It's a well know fact that if $X$ is a topological path connected space then $H_0(X) = \mathbb{Z}$ and $\tilde{H}_0(X) = 0$ as stated and linked here : $H_0 ( X )$ is free abelian on the path components of $X$ ., The zeroth homology group corresponds to path components, zero relative homology.
I was wondering if the statement or the proofs given in the homology with $\mathbb{Z}-$coefficient could be replaced word by word to obtain $H_0(X;R) = R$ and $\tilde{H}_0(X;R) = 0$ with $R$ arbitrary PID.
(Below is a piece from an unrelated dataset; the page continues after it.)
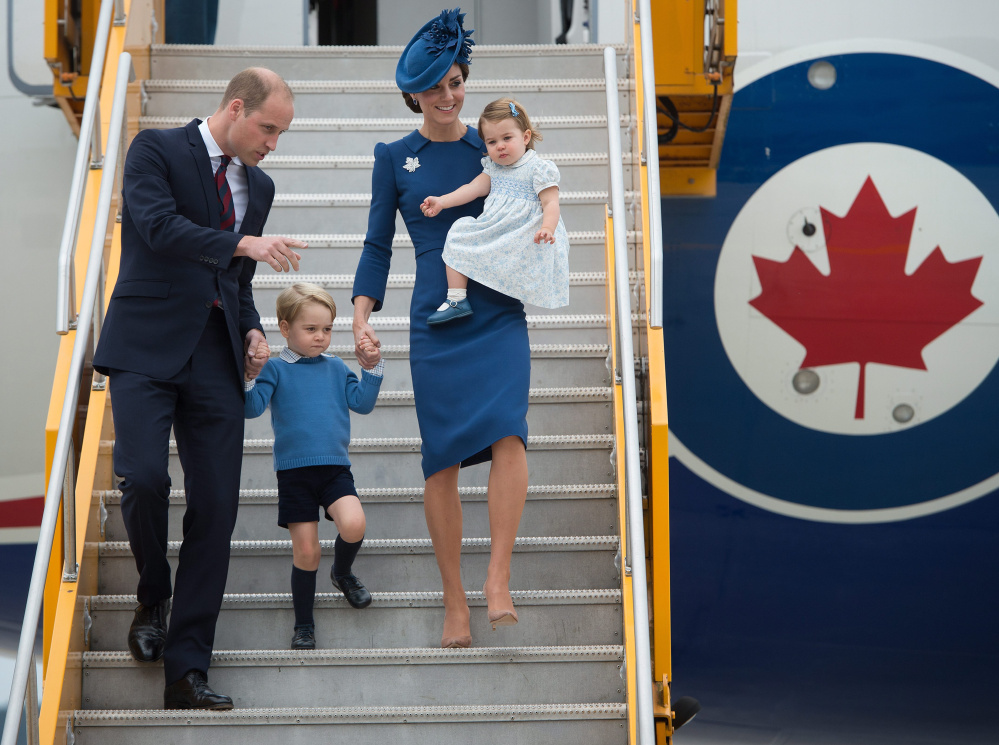 Britain's Prince William and his wife, Kate – the Duke and Duchess of Cambridge – with their children Prince George and Princess Charlotte arrive Saturday in Victoria, British Columbia.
Is this a true extension ? Any help would be appreciated
Best Answer
There are two ways to define the homology groups $H_n(X;R)$:
Via the singular chain complex $C_*(X;R)$ with coefficients in $R$ whose $n$-th component $C_n(X;R)$ is the free $R$-module having as a basis the singular $n$-simplices in $X$. This is completely analogous to the "usual" singular chain complex $C_*(X)$ with coefficients in $\mathbb Z$ . In fact, $C_*(X;\mathbb Z) = C_*(X)$.
For any abelian group $A$ one can define the singular chain complex with coefficients in $A$ by $C_*(X;A) = C_*(X) \otimes_{\mathbb Z} A$.
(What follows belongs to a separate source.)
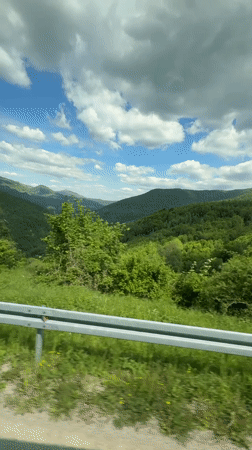 Passenger films green mountains from car window in Bosnia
Clearly, if $A = R$, then 1. and 2. yield naturally isomorphic chain complexes. However, the perspective is somewhat different: In 1. we get a chain complex consisting of free $R$-modules, in 2. we get a chain complex consisting of abelian groups and ignore the $R$-module structure. Therefore in 1. the homology groups $H_n(X;R)$ have the structure of $R$-modules, but in 2. they are only abelian groups. As abelian groups both constructs are identical.
This makes clear that for a path connected space $X$ we have $H_0(X;R) = R$ and $\tilde{H}_0(X;R) = 0$. The proof is exactly the same as for "usual" homology groups.